A terrarium is a world within itself, a tiny ecosystem capable of surviving almost entirely without human assistance. Add plants to a glass enclosure, sprinkle in a bit of soil and water, and ensure the system receives adequate sunlight, and a self-regulating system emerges. Creating one and watching it thrive bottled up amidst a harsh artificial human environment is a rewarding experience that provides a greater appreciation of the fortitude of nature. Adding a terrarium to the home or work space can help brighten up the surroundings in a natural and low-cost way that supersedes cut floral arrangements and prosaic static wall paintings. These elegant systems are living artwork, as it were, and continually morph before your eyes into a novel and inspiring mural of unique form and color.

Terrariums are relatively easy to construct and require only a handful of basic supplies. To start out you’ll need a glass container (with or without a lid depending on whether you want an open of closed terrarium), medium sized river rocks (1-1.5 inches in length), coarse sand, and rich soil. The glass containers can typically be found at larger craft stores. Michaels and Hobby Lobby have a wide selection at low cost.

It’s important to include three substrate layers when building a terrarium in order for it to remain healthy. I add river stones to the bottom, sand on top of that, and finally soil above the sand. Thickness wise you’ll have to gauge for yourself depending on the size of the container. I use a ratio of 2:1:3—two parts stone, one part sand, and for the largest addition, 3 parts soil.

Unlike potted plants, a terrarium lacks drainage holes in the bottom of the container. Excess moisture will cause a whole slew of problems, especially if it has a lid. Watering is therefore a delicate task. The jumbled rocks on the bottom serve to help mitigate the inclusion of extra water by acting as a reservoir. Rocks of medium size work best because the spaces among them hold a fair amount of water and allow you to see exactly how damp the system is. The sand serves as a buffer between the two other layers and helps facilitate drainage.
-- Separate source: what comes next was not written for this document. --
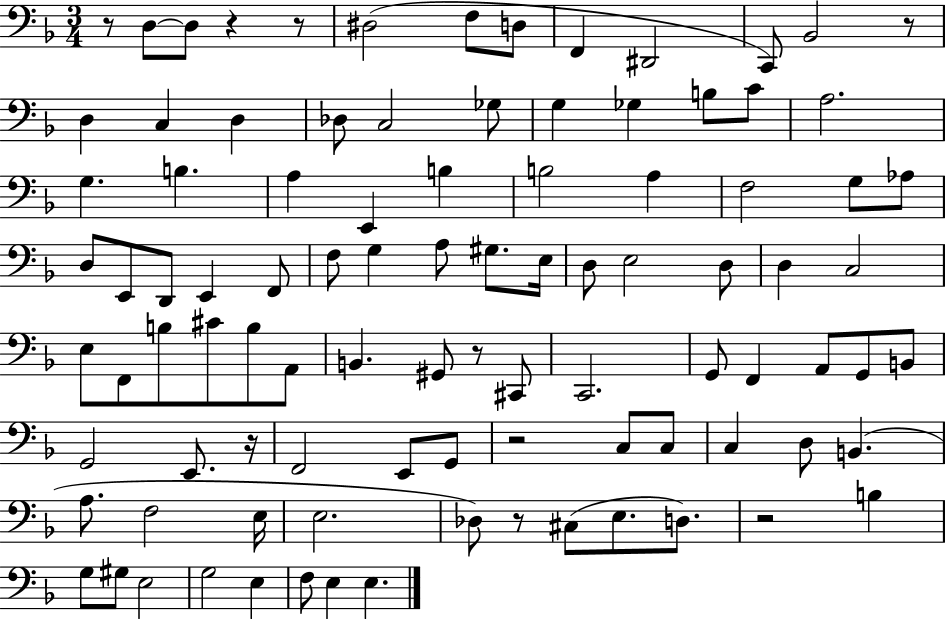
R/e D3/e D3/e R/q R/e D#3/h F3/e D3/e F2/q D#2/h C2/e Bb2/h R/e D3/q C3/q D3/q Db3/e C3/h Gb3/e G3/q Gb3/q B3/e C4/e A3/h. G3/q. B3/q. A3/q E2/q B3/q B3/h A3/q F3/h G3/e Ab3/e D3/e E2/e D2/e E2/q F2/e F3/e G3/q A3/e G#3/e. E3/s D3/e E3/h D3/e D3/q C3/h E3/e F2/e B3/e C#4/e B3/e A2/e B2/q. G#2/e R/e C#2/e C2/h. G2/e F2/q A2/e G2/e B2/e G2/h E2/e. R/s F2/h E2/e G2/e R/h C3/e C3/e C3/q D3/e B2/q. A3/e. F3/h E3/s E3/h. Db3/e R/e C#3/e E3/e. D3/e. R/h B3/q G3/e G#3/e E3/h G3/h E3/q F3/e E3/q E3/q.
When it comes to choosing plants, there’s an extremely wide variety that can be grown successfully in a terrarium. Traditionalists tend to use small and slow growing species for closed terrariums and succulents or other plants that do well with minimal moisture for open ones. As long as the plants don’t grow excessively tall you can essentially include anything. I personally enjoy incorporating native flowering species into the mix, though they do frequently require a bit of effort to maintain.

If you’re after a stable, long-term terrarium, I would suggest sticking primarily to ferns, mosses, and other non-flowering plants. On the other hand, if you desire something more visually striking, and can handle a system that is relatively short-lived, an optimal addition would be spring ephemeral wildflowers.

Violets, hepatica, red columbine, spring beauty, rue anemone, and trailing arbutus are among the multitude of small to medium sized ephemerals that can survive the rigors of confinement in a container. They should be added in the early spring just as the foliage begins to appear. Plants will remain in flower for a month at most, after which they should be taken out. They can be replanted in an outdoor garden until the following spring. Ephemerals can make do in a closed system in the beginning, but as the plants prepare to flower they will often exceed the height of the lid and it must be removed.

Spring ephemerals can sometimes be bought at nurseries, but more often than not, they will be difficult to track down. Seeds can be purchased online for harder to find varieties. Of course, plants can also be collected in the wild, but this should only be undertaken if they’re in abundance or are threatened with imminent destruction.

Once your chosen plants have been placed inside and a layer of soil tightly packed around the bases to make everything level, it’s time to add the final touches. For a lush and verdant look, as well as to keep the top layers of soil and roots sufficiently damp, it’s important to use moss as a covering for bare soil. What grass is to lawns, moss is to terrariums. Any type will work. A thick layer is probably best, as it lends a feeling of fecundity and age to the miniature ecosystem. Moss is also useful for indicating whether the system is properly hydrated. It should always be slightly damp to the touch.

A closed terrarium is a microcosm of earth. The glass dome traps incoming solar radiation the same way our atmosphere does, producing a greenhouse effect. As the system warms, plants gradually draw water from the soil and rocky reservoir, transpiring it into the air above where it condenses on the glass, and either drips or slides back down the walls to continue the cycle. A properly constructed terrarium will require only the occasional maintenance.